As with the other sayings I’ve talked about recently, I don’t know how many times I have heard my mom use this saying, talking about something askew. “No, no – stand it up straighter, it’s leaning toward Fisher’s.” All of my friends have always said my family is full of old sayings, so I just chalked it up to a famous something called Fisher’s somewhere at some time in history, and assumed EVERYBODY knew this old saying. I never questioned it whatsoever. As a kid, it didn’t even occur to me to question the saying – I figured out the meaning from the context pretty easily and straightened up whatever was crooked. Wherever Fisher’s was, we didn’t want to be leaning that way, at least according to my parents.
The not asking… the assumption… the “this is the way we’ve always done it.” Ring a bell? How often do we do that – for ourselves, personally and professionally?

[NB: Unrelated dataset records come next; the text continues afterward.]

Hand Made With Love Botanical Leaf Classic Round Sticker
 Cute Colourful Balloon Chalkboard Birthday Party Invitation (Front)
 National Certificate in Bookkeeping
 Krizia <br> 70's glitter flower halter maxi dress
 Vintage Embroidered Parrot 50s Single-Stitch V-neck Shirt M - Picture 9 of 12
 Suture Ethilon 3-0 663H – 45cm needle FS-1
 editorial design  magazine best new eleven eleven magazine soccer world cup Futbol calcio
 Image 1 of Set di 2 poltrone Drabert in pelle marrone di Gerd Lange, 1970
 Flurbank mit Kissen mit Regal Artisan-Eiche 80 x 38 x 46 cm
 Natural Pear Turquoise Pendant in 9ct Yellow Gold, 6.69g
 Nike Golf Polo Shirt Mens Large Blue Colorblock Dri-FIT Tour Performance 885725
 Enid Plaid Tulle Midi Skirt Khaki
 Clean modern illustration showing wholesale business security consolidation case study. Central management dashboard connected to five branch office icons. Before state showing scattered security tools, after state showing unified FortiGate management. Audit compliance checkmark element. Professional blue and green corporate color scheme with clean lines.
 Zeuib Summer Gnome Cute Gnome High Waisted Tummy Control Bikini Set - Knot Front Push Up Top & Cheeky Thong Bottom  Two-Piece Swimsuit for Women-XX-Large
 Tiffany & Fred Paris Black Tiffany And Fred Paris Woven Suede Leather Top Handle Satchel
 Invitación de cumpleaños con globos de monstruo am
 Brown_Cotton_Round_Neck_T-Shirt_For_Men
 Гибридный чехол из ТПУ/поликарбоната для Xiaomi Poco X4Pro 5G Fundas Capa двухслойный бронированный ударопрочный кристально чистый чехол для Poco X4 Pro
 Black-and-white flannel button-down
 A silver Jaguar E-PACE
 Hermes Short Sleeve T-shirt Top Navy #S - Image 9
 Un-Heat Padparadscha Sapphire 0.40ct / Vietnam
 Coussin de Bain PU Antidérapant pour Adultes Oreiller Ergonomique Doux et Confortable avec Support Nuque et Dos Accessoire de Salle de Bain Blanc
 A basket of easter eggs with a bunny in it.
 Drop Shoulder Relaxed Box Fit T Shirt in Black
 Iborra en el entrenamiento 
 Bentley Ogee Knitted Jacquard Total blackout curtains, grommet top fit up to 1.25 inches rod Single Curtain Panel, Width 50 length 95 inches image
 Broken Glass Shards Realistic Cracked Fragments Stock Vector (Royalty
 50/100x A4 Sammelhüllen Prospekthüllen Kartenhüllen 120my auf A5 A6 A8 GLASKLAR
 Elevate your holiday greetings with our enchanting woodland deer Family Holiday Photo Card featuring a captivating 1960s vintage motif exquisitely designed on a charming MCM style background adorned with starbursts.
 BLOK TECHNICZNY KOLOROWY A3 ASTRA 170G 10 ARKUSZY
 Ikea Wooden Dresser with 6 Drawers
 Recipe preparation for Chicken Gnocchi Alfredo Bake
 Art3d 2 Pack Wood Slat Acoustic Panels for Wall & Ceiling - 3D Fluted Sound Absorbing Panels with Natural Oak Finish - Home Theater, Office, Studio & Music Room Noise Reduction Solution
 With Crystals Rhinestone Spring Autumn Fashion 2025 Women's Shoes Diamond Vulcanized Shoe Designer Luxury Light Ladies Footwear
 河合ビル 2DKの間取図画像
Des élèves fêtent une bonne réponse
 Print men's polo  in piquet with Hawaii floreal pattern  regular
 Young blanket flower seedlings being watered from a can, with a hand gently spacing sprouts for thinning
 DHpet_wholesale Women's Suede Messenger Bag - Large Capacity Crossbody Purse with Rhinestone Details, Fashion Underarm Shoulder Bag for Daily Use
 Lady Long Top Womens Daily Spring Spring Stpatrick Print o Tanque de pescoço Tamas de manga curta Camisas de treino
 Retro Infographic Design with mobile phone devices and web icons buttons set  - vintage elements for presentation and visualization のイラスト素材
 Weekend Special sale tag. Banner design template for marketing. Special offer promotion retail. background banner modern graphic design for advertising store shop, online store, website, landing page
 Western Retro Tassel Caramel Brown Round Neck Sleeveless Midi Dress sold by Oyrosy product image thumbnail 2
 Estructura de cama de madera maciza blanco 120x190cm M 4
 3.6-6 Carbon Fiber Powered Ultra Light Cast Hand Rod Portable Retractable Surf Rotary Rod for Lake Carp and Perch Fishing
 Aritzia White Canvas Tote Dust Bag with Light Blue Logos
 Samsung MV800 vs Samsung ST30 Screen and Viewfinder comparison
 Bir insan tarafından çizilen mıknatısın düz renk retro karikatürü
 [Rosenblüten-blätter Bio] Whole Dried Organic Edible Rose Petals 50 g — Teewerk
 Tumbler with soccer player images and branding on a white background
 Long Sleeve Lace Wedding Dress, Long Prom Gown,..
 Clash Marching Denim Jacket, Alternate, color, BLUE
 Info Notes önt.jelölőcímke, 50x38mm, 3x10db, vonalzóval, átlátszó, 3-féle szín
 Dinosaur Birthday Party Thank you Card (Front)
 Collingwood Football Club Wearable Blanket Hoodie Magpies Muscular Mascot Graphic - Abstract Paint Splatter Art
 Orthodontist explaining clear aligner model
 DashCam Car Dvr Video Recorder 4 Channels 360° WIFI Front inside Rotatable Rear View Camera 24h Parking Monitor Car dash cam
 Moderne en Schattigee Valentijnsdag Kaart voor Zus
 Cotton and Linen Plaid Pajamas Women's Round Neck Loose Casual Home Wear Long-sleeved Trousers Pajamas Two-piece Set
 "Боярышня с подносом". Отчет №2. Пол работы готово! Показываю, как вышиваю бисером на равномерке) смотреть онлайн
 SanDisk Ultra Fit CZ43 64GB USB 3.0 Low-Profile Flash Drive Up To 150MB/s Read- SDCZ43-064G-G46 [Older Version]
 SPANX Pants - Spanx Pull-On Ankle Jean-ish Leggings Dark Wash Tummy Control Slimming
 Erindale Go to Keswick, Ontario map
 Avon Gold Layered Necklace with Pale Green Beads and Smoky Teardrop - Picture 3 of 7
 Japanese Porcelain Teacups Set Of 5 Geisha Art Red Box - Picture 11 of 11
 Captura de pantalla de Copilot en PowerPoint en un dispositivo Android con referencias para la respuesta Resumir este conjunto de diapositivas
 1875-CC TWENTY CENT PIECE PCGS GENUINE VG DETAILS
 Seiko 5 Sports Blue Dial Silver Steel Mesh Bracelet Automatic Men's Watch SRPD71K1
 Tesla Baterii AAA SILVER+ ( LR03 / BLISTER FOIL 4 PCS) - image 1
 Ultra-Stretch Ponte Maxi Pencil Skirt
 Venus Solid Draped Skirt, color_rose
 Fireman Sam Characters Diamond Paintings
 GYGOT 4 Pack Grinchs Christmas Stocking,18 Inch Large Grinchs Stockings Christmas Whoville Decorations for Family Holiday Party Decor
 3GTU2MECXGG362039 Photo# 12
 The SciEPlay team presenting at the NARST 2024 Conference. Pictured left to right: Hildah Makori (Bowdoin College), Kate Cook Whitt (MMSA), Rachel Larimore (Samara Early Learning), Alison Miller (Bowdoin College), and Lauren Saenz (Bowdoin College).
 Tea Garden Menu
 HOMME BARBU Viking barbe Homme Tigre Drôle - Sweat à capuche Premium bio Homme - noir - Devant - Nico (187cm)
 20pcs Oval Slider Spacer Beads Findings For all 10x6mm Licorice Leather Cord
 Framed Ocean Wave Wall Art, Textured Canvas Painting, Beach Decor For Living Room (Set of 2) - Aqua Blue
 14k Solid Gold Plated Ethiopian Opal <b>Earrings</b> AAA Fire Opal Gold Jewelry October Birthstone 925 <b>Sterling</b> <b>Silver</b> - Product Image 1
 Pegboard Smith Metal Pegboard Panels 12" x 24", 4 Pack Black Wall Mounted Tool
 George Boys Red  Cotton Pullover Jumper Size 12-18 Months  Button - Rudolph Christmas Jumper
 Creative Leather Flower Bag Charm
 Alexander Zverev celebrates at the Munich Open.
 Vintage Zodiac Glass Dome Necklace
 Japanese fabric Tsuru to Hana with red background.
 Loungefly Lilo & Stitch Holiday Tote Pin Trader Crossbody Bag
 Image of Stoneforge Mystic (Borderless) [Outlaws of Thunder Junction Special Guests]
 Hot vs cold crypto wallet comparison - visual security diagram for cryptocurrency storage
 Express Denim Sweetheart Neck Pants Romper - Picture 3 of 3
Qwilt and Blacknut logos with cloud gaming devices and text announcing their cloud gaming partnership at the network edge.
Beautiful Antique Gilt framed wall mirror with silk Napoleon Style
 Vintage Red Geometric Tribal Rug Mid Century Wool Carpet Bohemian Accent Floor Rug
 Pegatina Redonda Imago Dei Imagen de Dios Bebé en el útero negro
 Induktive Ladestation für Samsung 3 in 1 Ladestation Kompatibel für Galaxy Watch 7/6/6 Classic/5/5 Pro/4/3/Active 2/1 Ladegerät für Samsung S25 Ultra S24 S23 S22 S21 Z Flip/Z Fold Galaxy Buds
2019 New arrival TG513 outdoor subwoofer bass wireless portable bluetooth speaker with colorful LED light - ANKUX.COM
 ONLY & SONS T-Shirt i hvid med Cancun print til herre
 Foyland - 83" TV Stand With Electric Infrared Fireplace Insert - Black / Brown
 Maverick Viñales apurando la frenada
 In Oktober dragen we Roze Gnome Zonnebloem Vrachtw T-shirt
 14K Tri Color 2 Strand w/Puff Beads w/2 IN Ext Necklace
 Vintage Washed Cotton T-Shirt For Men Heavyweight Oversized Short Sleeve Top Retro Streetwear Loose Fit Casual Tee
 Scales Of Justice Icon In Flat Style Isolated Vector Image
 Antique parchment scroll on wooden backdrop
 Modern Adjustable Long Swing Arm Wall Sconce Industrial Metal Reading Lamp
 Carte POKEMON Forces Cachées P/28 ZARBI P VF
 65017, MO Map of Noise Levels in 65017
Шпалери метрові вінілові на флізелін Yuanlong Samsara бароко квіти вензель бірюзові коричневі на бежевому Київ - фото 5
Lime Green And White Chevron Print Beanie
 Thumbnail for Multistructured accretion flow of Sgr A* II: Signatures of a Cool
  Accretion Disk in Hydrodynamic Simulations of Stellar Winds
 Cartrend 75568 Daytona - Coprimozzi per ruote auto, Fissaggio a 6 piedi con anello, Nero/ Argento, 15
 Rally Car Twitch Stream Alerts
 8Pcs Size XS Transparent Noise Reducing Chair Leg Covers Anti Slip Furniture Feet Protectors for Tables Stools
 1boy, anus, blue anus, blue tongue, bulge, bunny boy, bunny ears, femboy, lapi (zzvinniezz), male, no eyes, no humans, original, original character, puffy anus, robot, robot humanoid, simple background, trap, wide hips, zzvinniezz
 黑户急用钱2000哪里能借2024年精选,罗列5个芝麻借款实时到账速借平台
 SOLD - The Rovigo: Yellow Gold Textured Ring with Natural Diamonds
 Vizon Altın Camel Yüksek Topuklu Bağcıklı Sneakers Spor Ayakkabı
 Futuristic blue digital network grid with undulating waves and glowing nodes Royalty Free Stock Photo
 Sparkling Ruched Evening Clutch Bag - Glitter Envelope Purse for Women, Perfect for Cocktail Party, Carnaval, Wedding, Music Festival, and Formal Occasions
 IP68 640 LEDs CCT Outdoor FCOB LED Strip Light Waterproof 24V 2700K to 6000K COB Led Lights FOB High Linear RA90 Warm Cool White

It reminds me of my friend Leigh’s story about her mom teaching her how to cook a ham. First, you cut it in half, and then you season it and bake it at the proper temperature, for the designated amount of time. She asked her mom why you cut the ham in half first, just trying to understand the process, and her mom said, “That’s how your grandmother taught me.”
Eventually she asked her grandmother the same question, thinking she was about to unlock a family secret for the ages. The answer: her grandmother’s original oven as a newlywed was apartment sized, and thus too small to handle a large whole ham for their first holiday at their new place. Her very practical remedy was to cut it in half so it wasn’t quite so tall and would then fit. Genius – for her situation.
But now, three generations have cut the ham in half, not because it makes a better ham, but because one ham, 60+ years ago, was too big for the oven. Wait – what?
I started thinking about that. What am I doing in my life – at work, at home – that may not make sense anymore, but I do it because that’s what I’ve always done and how I’ve always done it? Are you thinking the same thing?
What do I need to let go of in order to grow and learn new ways of doing even bigger & better things? That’s where I find myself. Not always easy, to be sure. Doing the things we’ve done well for a long time gives us a measure of comfort… we’re rock star fishies in that pond. But if I’m so busy doing all of that, how do I get to bigger & better things? I’ll hand off the comfortable for bigger and better any day… bring on the learning curve.
So back to the leaning and the Fisher’s. You know where I’m headed with this, don’t you? What has become just another one of those sayings in my family, and I assumed in everyone else’s… isn’t really an old saying at all. The supermarket in the next block from my grandparents’ home in Geneva, Ohio? Yep, Fisher’s.
So the first picture that was tilted? An absolutely accurate description of how to right it. Nailed it. For the rest of us, all these years later, we may need to think differently. Because leaning toward Kroger isn’t a thing yet.